* STORED DATA:
※
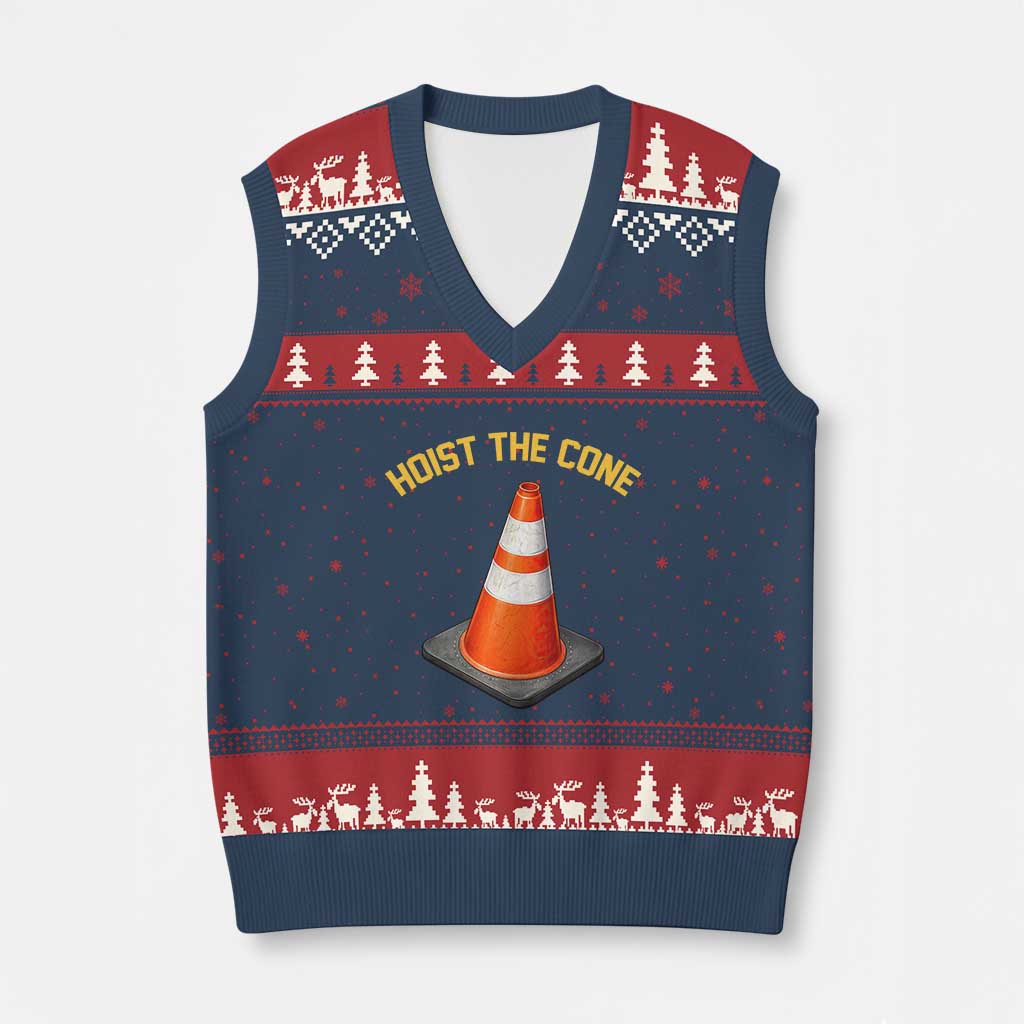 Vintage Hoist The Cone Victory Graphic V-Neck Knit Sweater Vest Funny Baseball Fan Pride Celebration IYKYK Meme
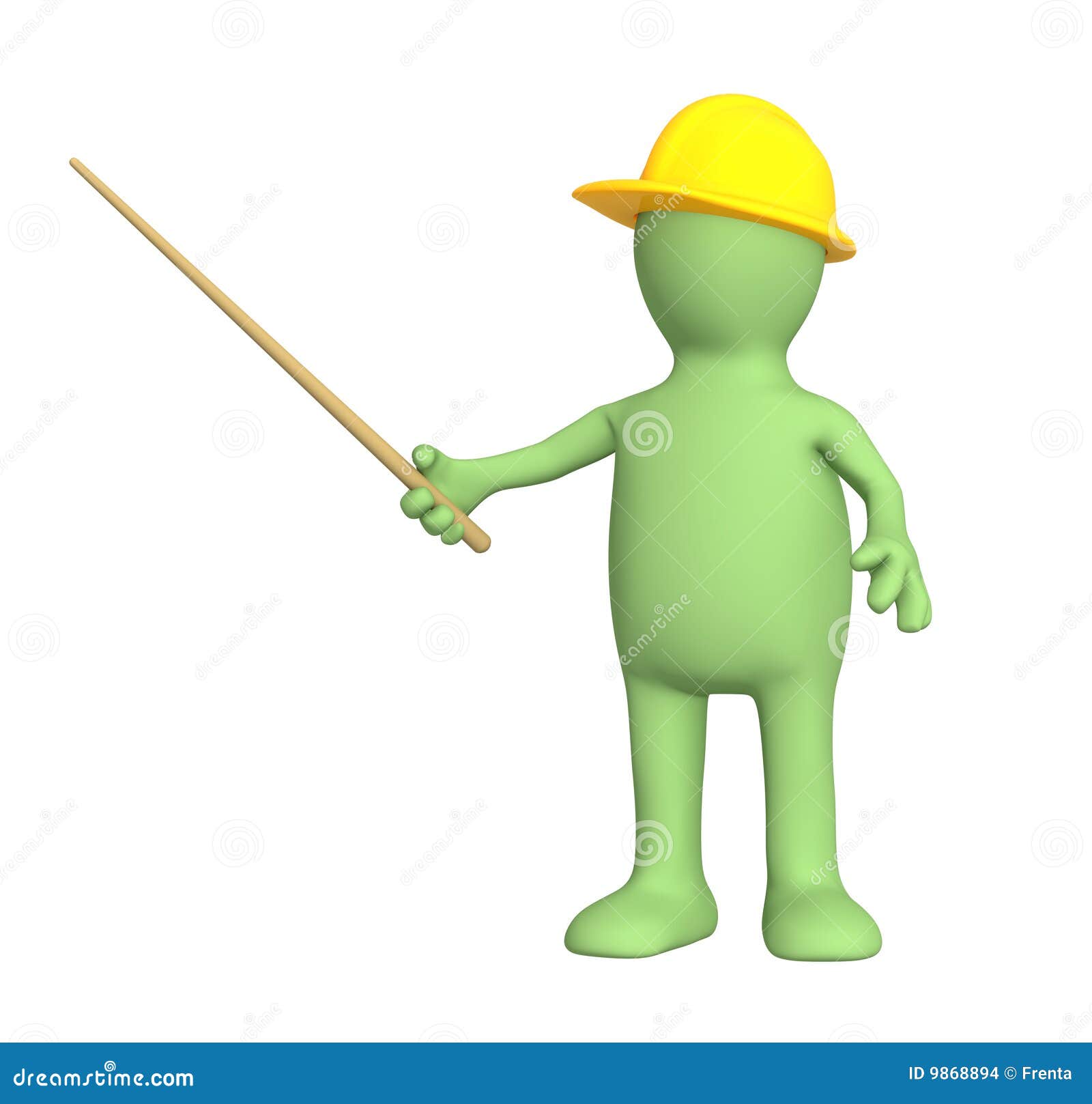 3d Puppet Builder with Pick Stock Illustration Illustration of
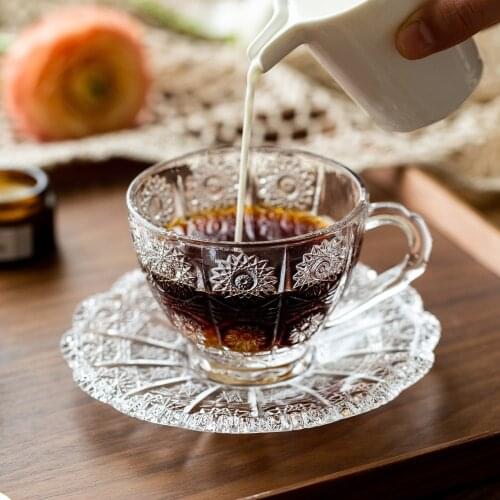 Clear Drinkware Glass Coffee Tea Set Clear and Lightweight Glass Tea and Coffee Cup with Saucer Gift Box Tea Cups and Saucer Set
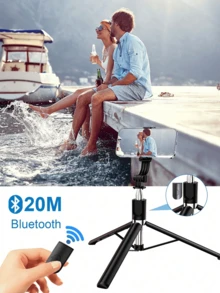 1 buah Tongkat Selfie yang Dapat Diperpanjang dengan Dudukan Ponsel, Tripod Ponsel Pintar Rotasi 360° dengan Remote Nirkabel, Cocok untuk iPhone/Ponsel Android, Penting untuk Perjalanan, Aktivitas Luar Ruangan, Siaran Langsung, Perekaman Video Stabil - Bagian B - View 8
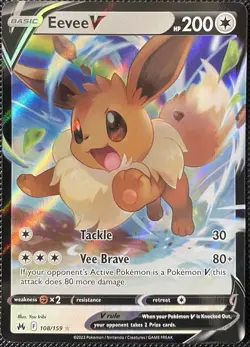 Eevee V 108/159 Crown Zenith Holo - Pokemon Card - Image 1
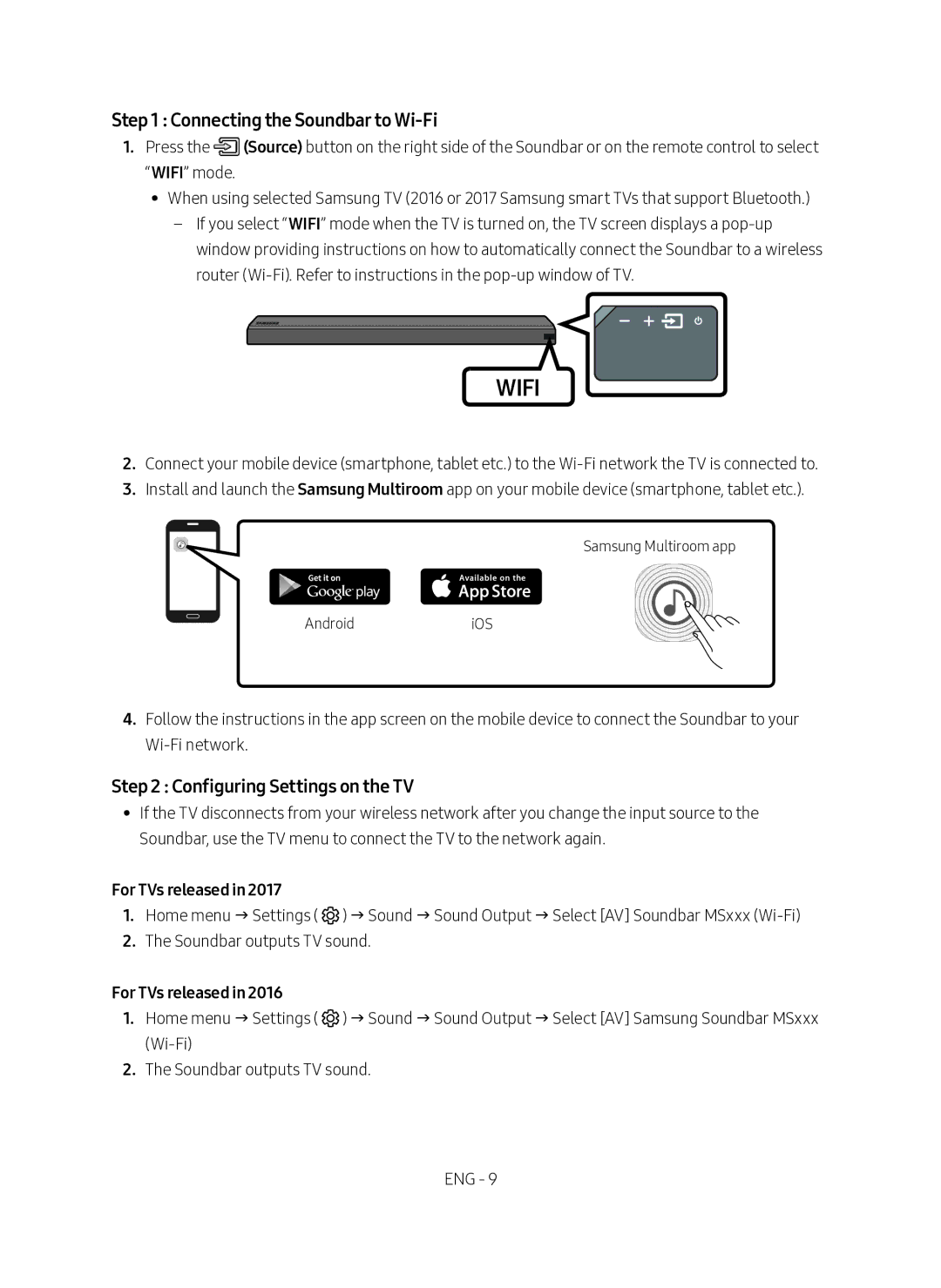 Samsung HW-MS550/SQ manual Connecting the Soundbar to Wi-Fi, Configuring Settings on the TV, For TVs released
※
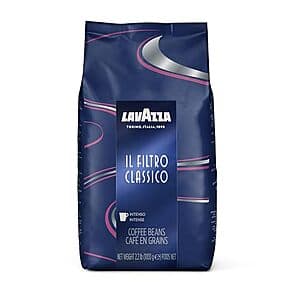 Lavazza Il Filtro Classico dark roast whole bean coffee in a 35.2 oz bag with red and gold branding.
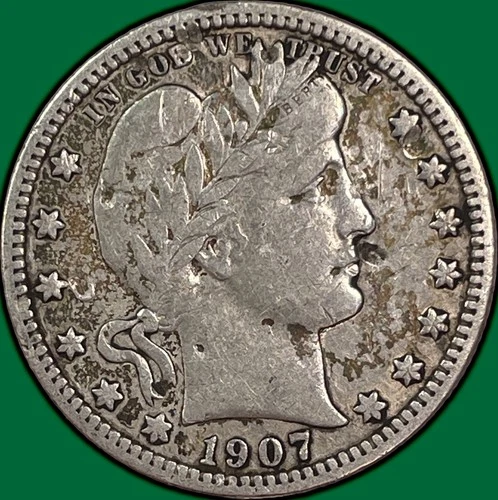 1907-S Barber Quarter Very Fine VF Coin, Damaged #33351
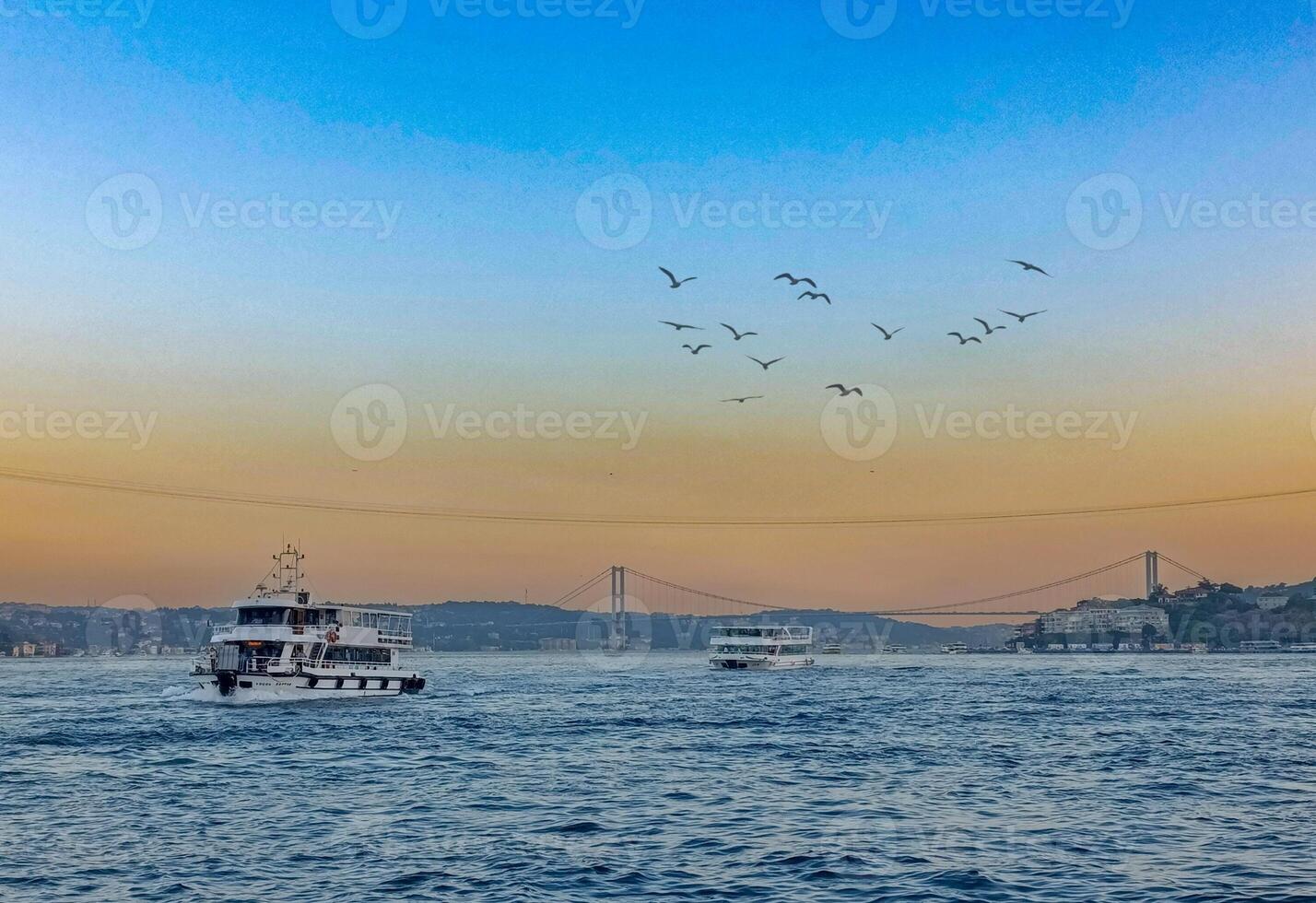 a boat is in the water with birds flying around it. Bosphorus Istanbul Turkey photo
※
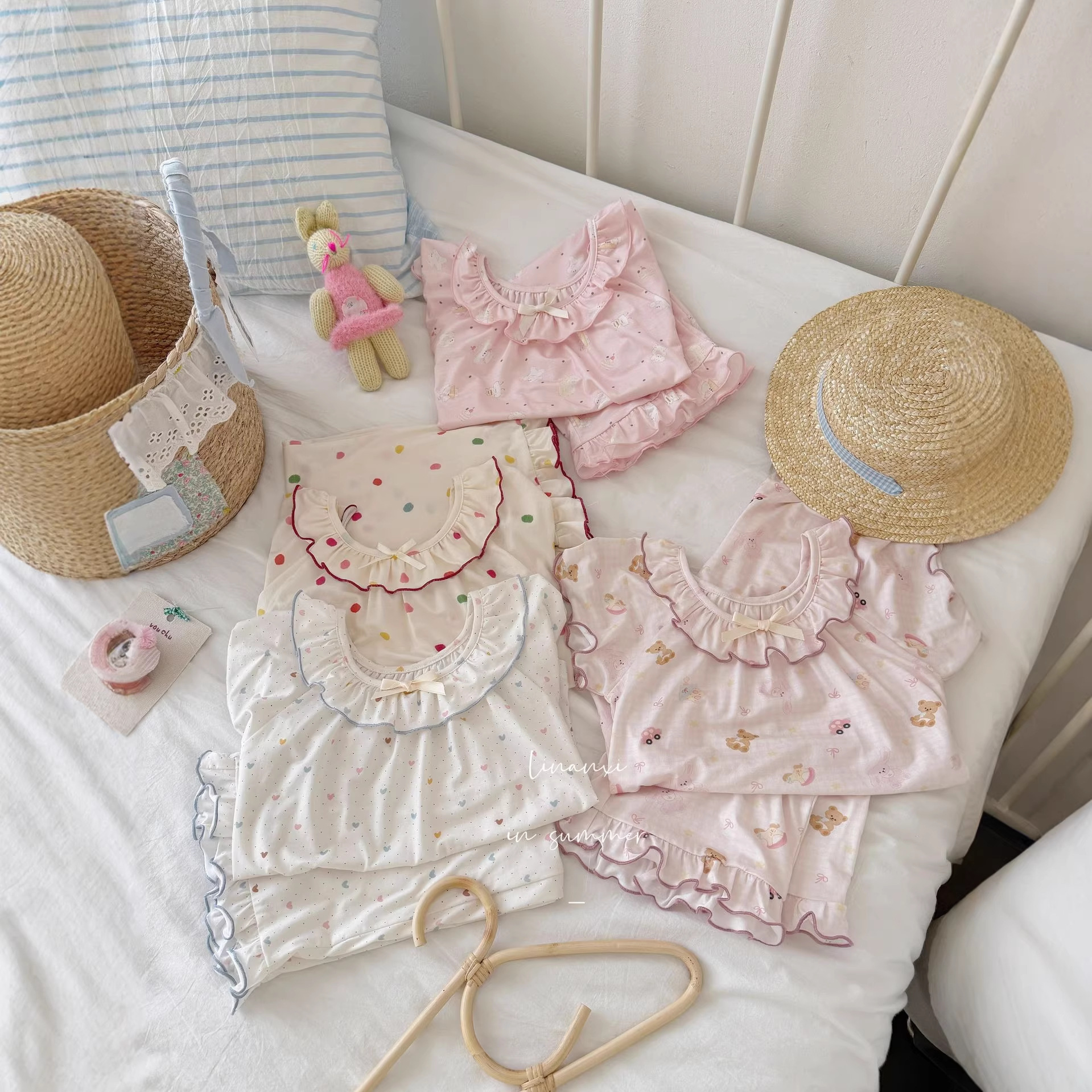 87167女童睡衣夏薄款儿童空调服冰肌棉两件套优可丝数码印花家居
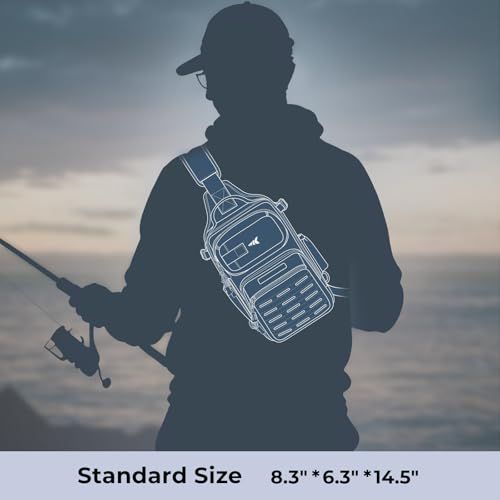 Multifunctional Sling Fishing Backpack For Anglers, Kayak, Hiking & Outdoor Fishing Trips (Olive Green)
※
How would the lines above read from the one with "Vintage Hoist The" to the one with "Samsung HW-MS550/SQ manual", inclusive, with no pictures? Write them out exactly.

 Vintage Hoist The Cone Victory Graphic V-Neck Knit Sweater Vest Funny Baseball Fan Pride Celebration IYKYK Meme
 3d Puppet Builder with Pick Stock Illustration Illustration of
 Clear Drinkware Glass Coffee Tea Set Clear and Lightweight Glass Tea and Coffee Cup with Saucer Gift Box Tea Cups and Saucer Set
 1 buah Tongkat Selfie yang Dapat Diperpanjang dengan Dudukan Ponsel, Tripod Ponsel Pintar Rotasi 360° dengan Remote Nirkabel, Cocok untuk iPhone/Ponsel Android, Penting untuk Perjalanan, Aktivitas Luar Ruangan, Siaran Langsung, Perekaman Video Stabil - Bagian B - View 8
 Eevee V 108/159 Crown Zenith Holo - Pokemon Card - Image 1
 Samsung HW-MS550/SQ manual Connecting the Soundbar to Wi-Fi, Configuring Settings on the TV, For TVs released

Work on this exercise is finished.